Il terzo miracolo di resurrezione, dopo quello operato verso Marta e verso Maria, è infine indirizzato guardando al sepolcro, alla grotta in cui è adagiato il corpo del fratello. Lo vedremo anche la domenica di Pasqua, il sepolcro, in greco μνημεῖον (= mneméion), nel suo termine ha una radice comune con memoria (μνημεῖον) e con morte e le Moire (Μοῖραι), è il segno concreto della coscienza di morte che accompagna la vita degli uomini. Attraverso il sepolcro, gli uomini fanno memoria del destino che accomuna tutti gli umani, cioè gli “humandi” che sono destinati a tornare all’humus, alla terra. Memoria delle origini, siamo tutti fatti di terra, e alla terra destinati a tornare. Una pietra, in ogni sepolcro, separa quindi coloro che sono già morti da coloro che non sono ancora morti. Tutta la nostra cultura può essere basata sulla paura della morte, oppure sul desiderio di vita che abita in Marta e in Maria.

Vincent Van Gogh, La resurrezione di Lazzaro (da Rembrandt), 1890, Van Gogh Museum, Amsterdam

“Tolsero dunque la pietra. Gesù allora alzò gli occhi” mentre tutti rimangono a guardare la pietra, elemento che separa i vivi dai morti, per fortuna che Gesù guarda altrove. Sembra quasi indicarci una nuova direzione, verso il cielo. La prima cosa che fa è ringraziare il Padre, anche questo grande insegnamento per noi che siamo ingrati sempre. E poi, una parola di liberazione, che è molto più che donare la vita di nuovo: «Liberàtelo e lasciàtelo andare» sembra una frase rivolta a ciascuno di noi.
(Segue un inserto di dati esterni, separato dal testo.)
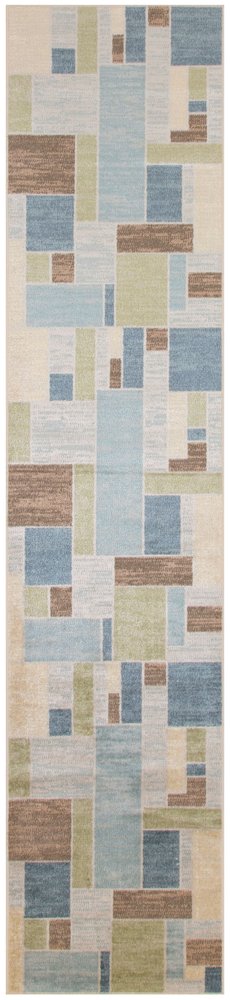 10' Blue Brown And Tan Geometric Washable Runner Rug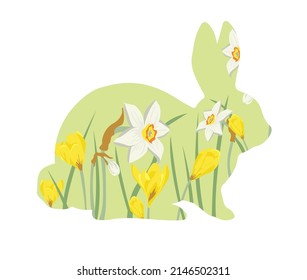 Silhouette of an Easter bunny with flowers inside. Easter isolated illustration with cute bunny for greeting cards, prints on napkins, fabric, for decoupage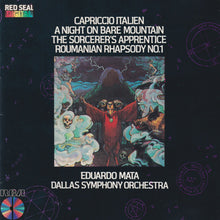 Laden Sie das Bild in den Galerie-Viewer, Dallas Symphony Orchestra, Eduardo Mata : Capriccio Italien / A Night On Bare Mountain / The Sorcerer's Apprentice / Roumanian Rhapsody No.1 (CD, Album)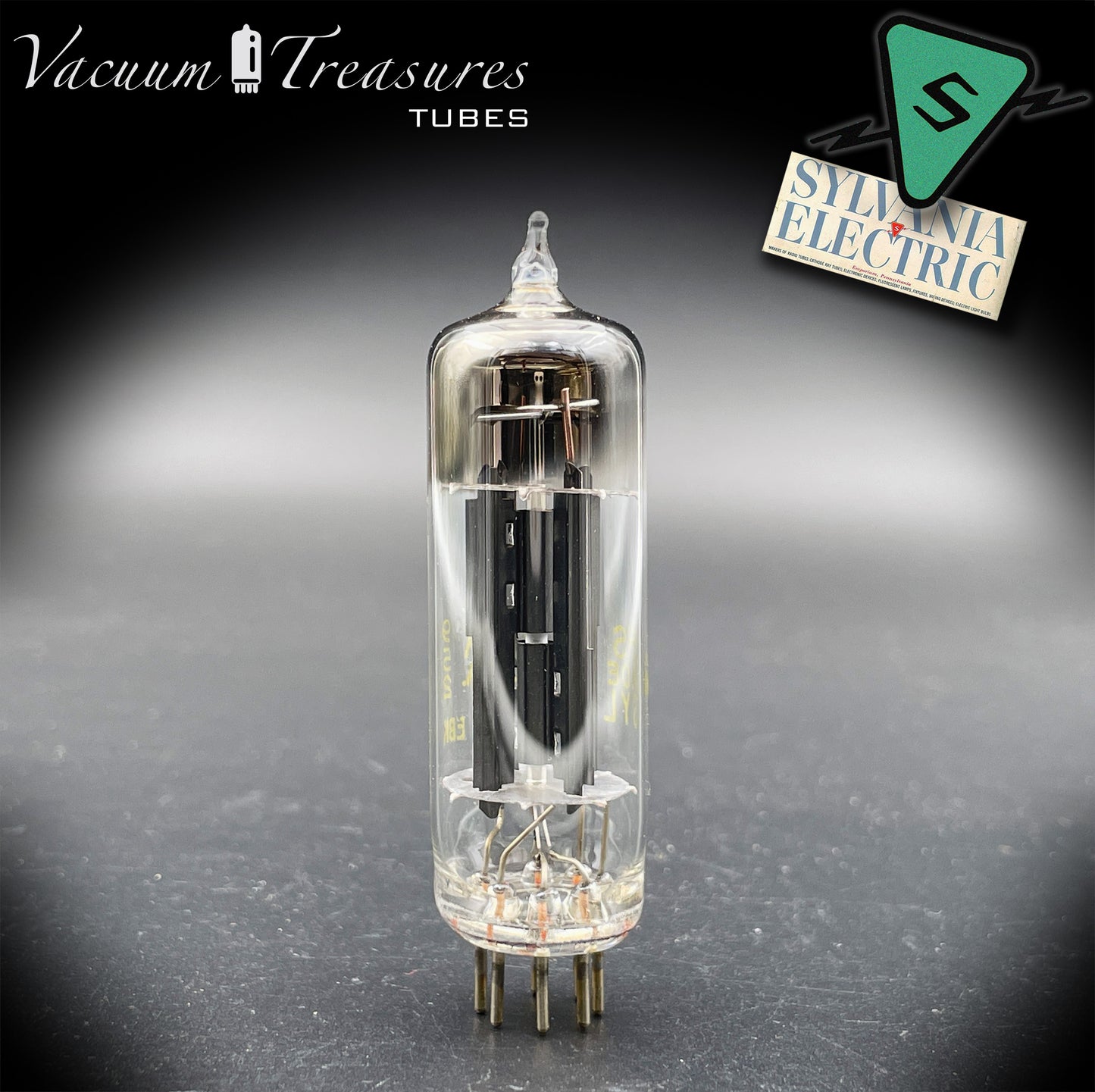 JHS 6X4W EZ90 NOS NIB SYLVANIA Tested Tube Black Plates Square Getter Made in USA '59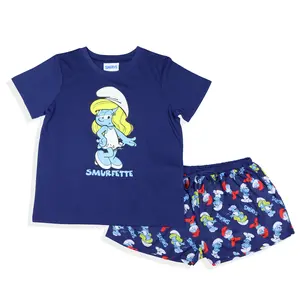 The Smurfs 2 Piece Pajama Set Women's Smurfette Adult Short Sleeve and Shorts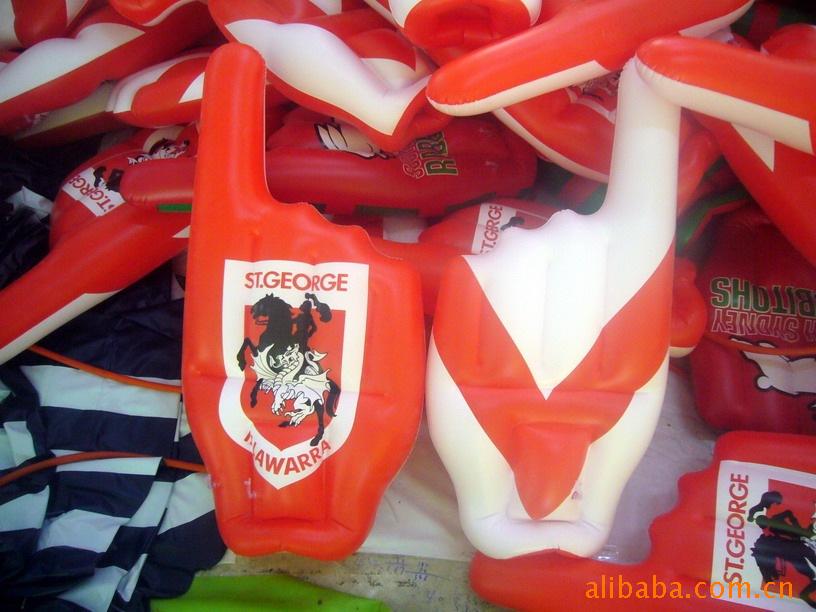 格萨塑胶厂家供应充气玩具手掌 订做PVC加油充气手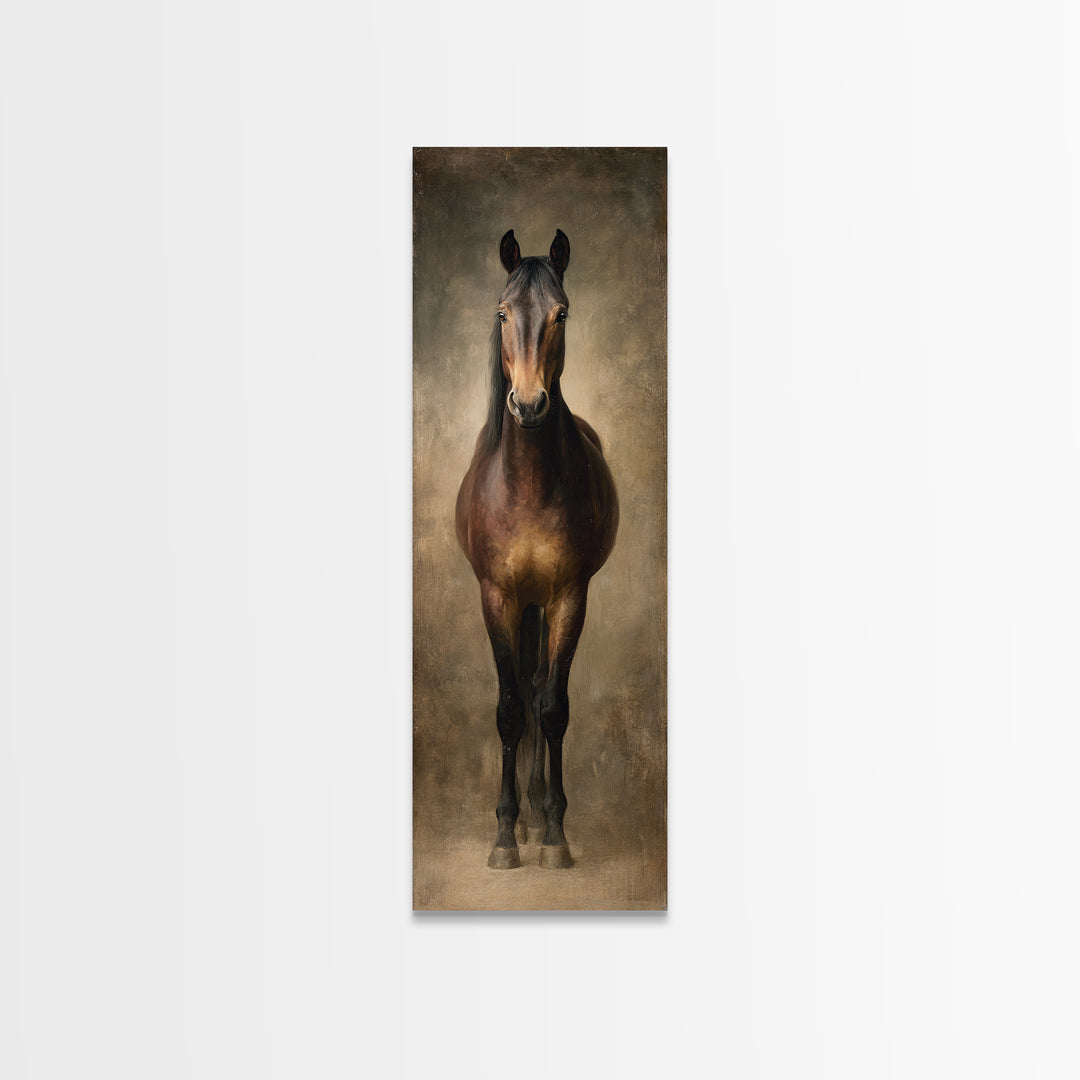 Realistic Horse Portrait Framed Canvas Print, Traditional Art, Statement Artwork, Living Room Decor, Fine Art, Classic, TRA-1x3-87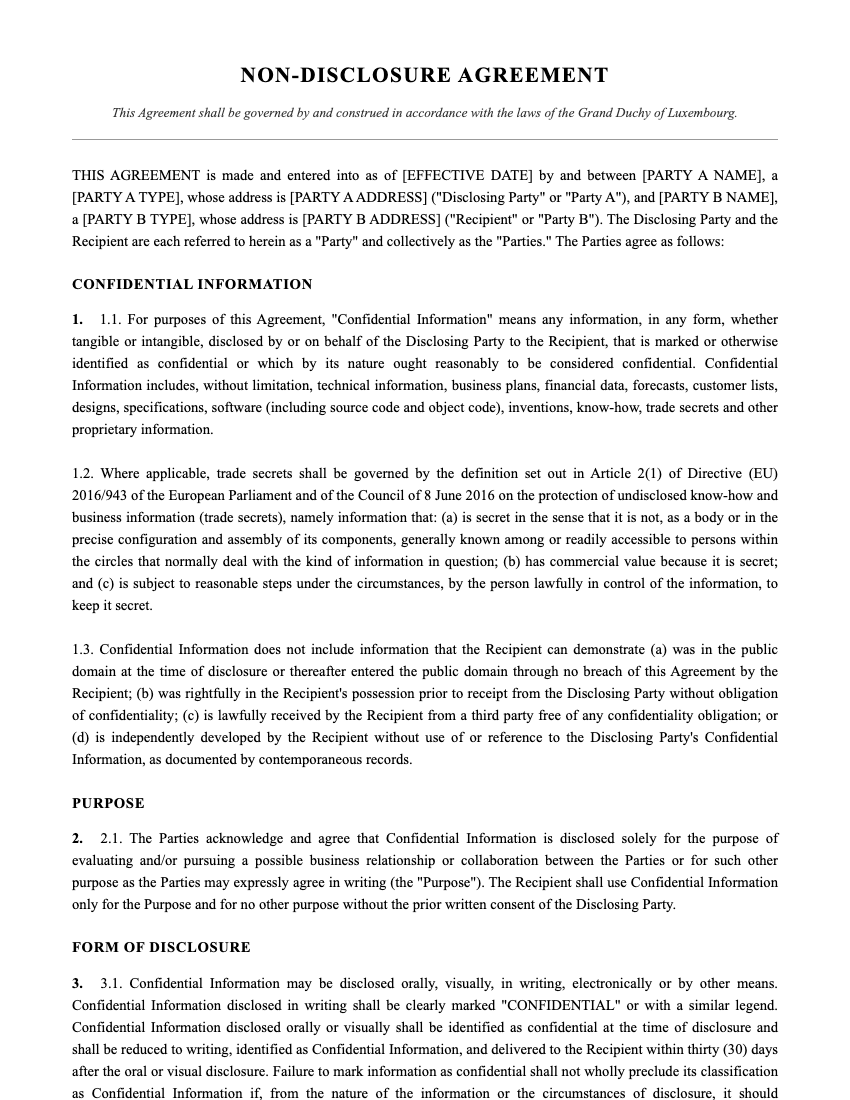 NDA Template Preview
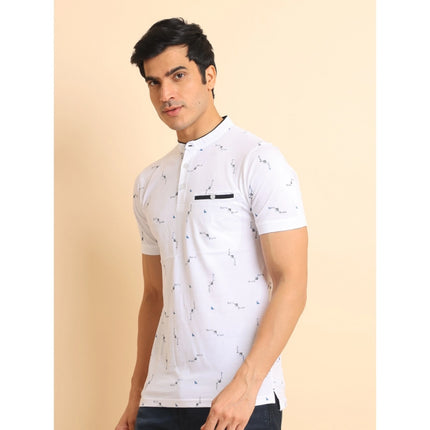 Rosolly Men's Casual Cotton Printed Mandarin Collar Half Sleeve T-Shirt (White)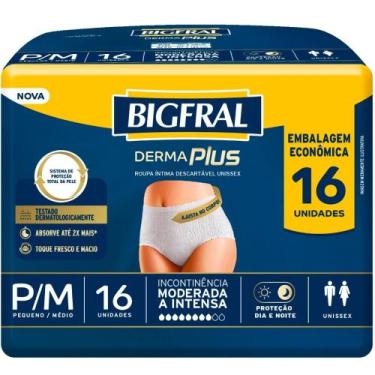 Imagem de Fralda Geriátrica Bigfral Roupa Íntima Pants Premium P/M 16 Unidades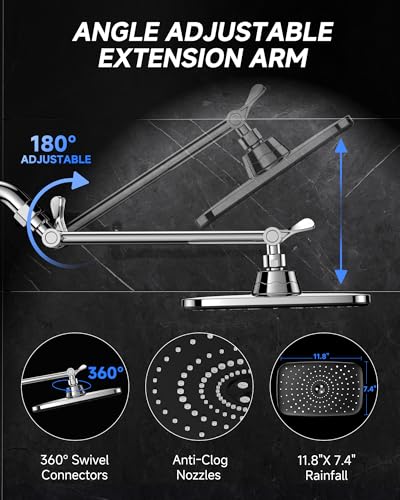 27% Off Veken 11.8" Rainfall Shower Head with Adjustable Arm - Image 3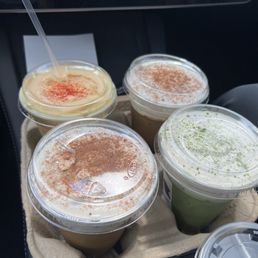 Orange cream matcha, sea salt coffee latte, and sea salt matcha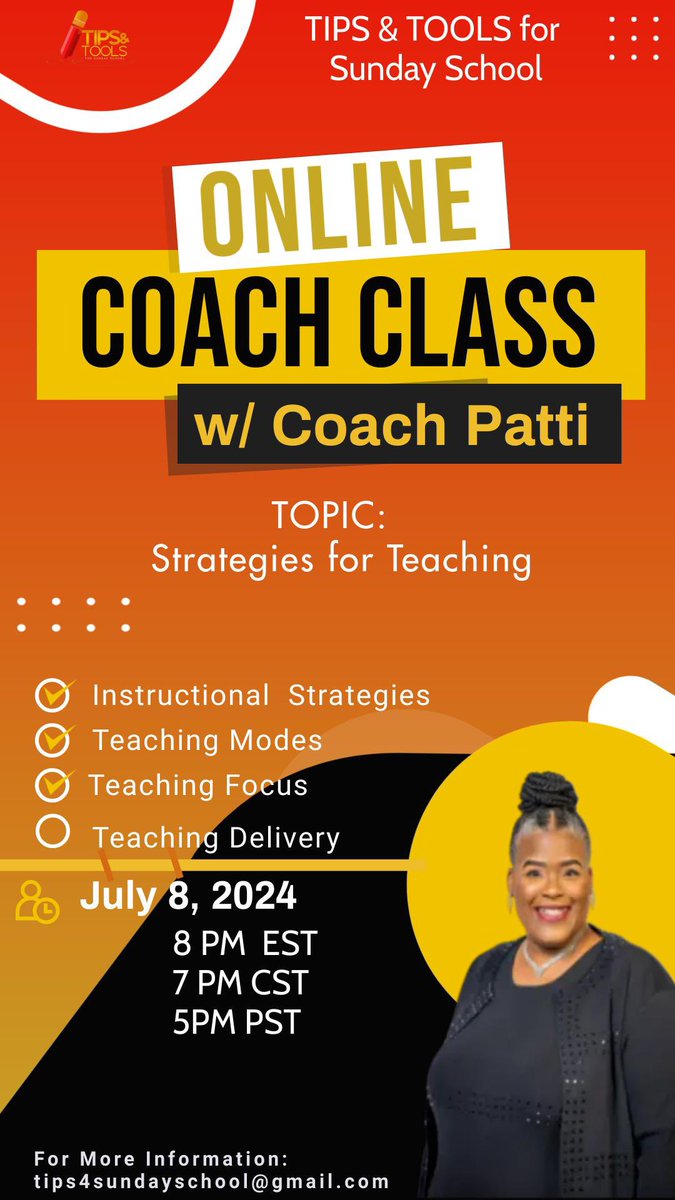 pahj30's tweet photo. Coach Class is back!!! Join us Monday, July 8 at 8pm EST as we talk about Teaching Strategies! Come on Teachers, let's grow together. Register and have acess to the webinar after the session!

https://t.co/WVLYLH29NS https://t.co/f0UIlbj974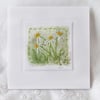 HAND EMBROIDERED GREETINGS CARD DAISIES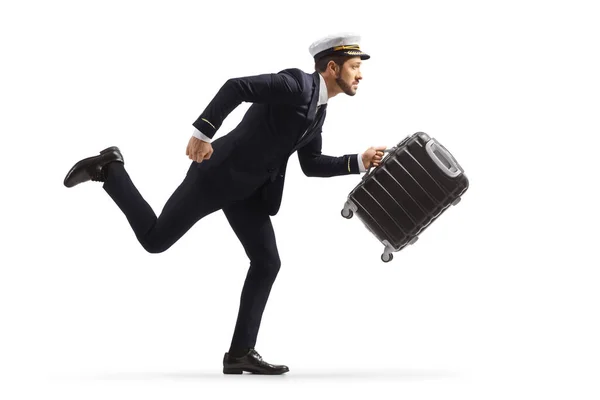 Full Length Profile Shot Pilot Hurry Carrying Suitcase Running Isolated — Stock Photo, Image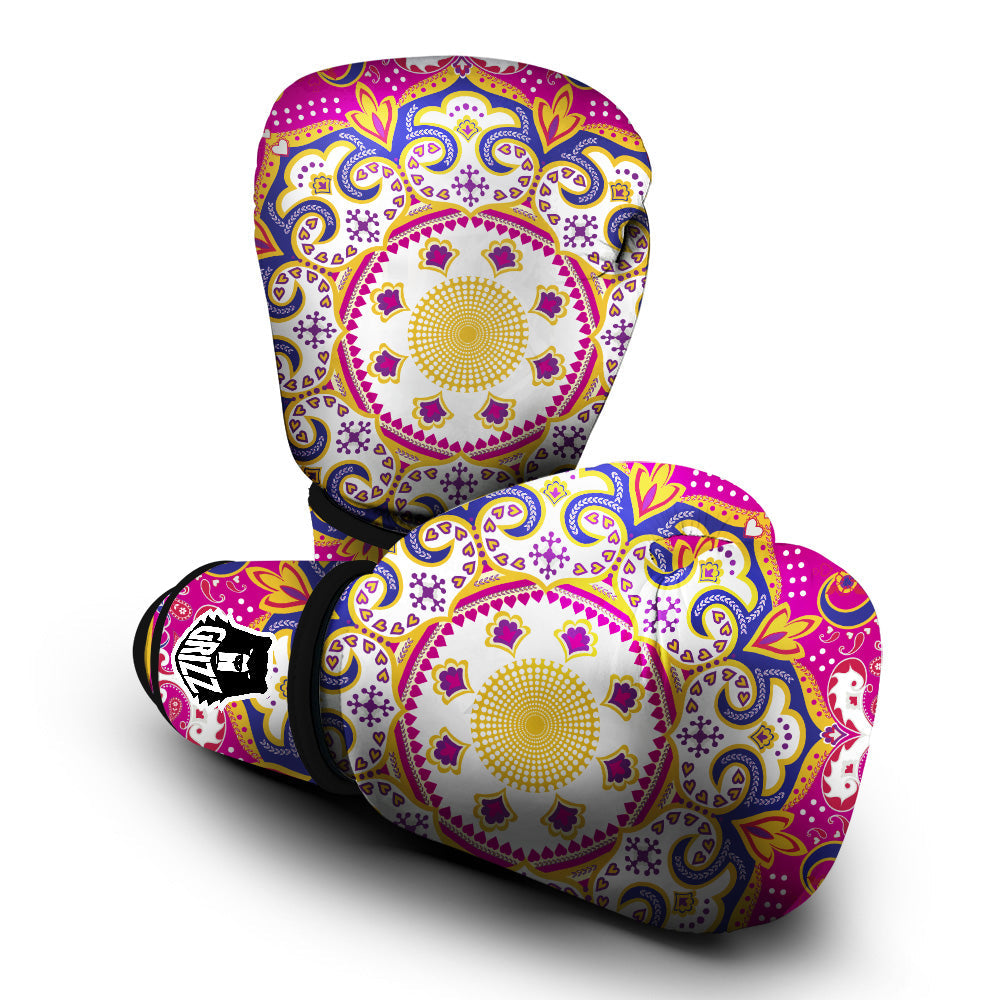 Pink Paisley And Mandala Print Boxing Gloves-grizzshop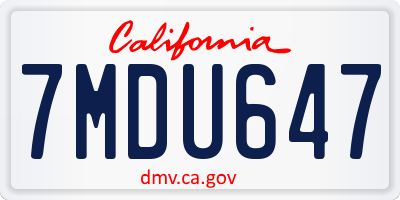 CA license plate 7MDU647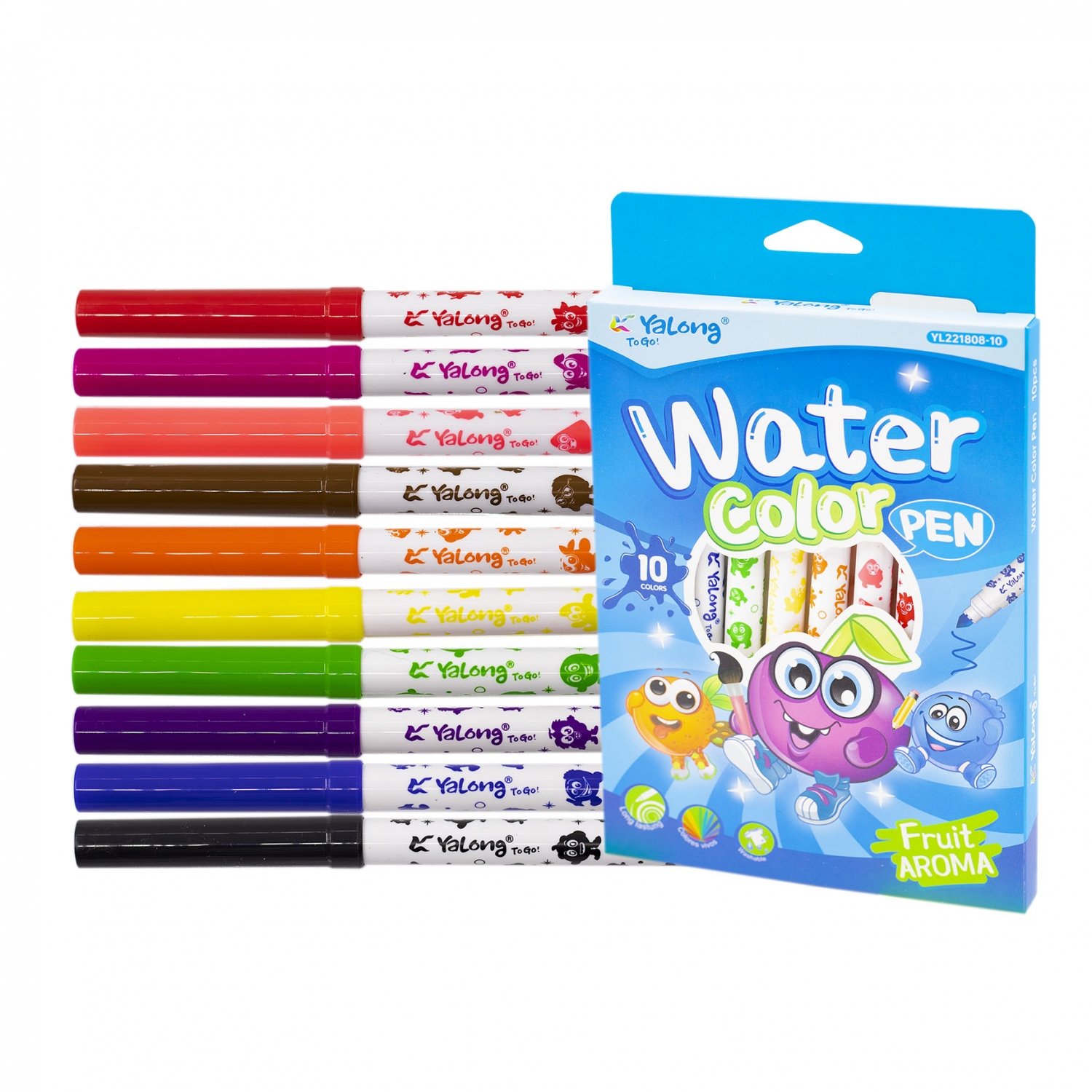 Набор фломастеров 10 цв. Yalong 221808-10YL с запахом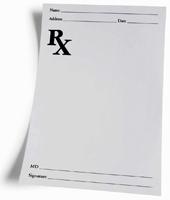 Prescription pad with 'Rx' symbol for mental health treatment.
Preghiamo affinché il Signore ci conceda la grazia di questo desiderio di vita. Questo desiderio espresso da San Francesco di Assisi che canta: “Laudato si’ mi’ Signore per sora nostra morte corporale, da la quale nullu homo vivente pò scappare: guai a quelli che morrano ne le peccata mortali; beati quelli che trovarà ne le tue santissime voluntati, ka la morte secunda no ‘l farrà male.” (FF 263). Ringraziamo il Signore per il dono della vita, che dobbiamo imparare a contemplare in questo cammino quaresimale. Preghiamo affinché questo tempo di conversione ci offra occhi capaci di gustare la bellezza di Dio.

Vi auguriamo di cuore una buona domenica.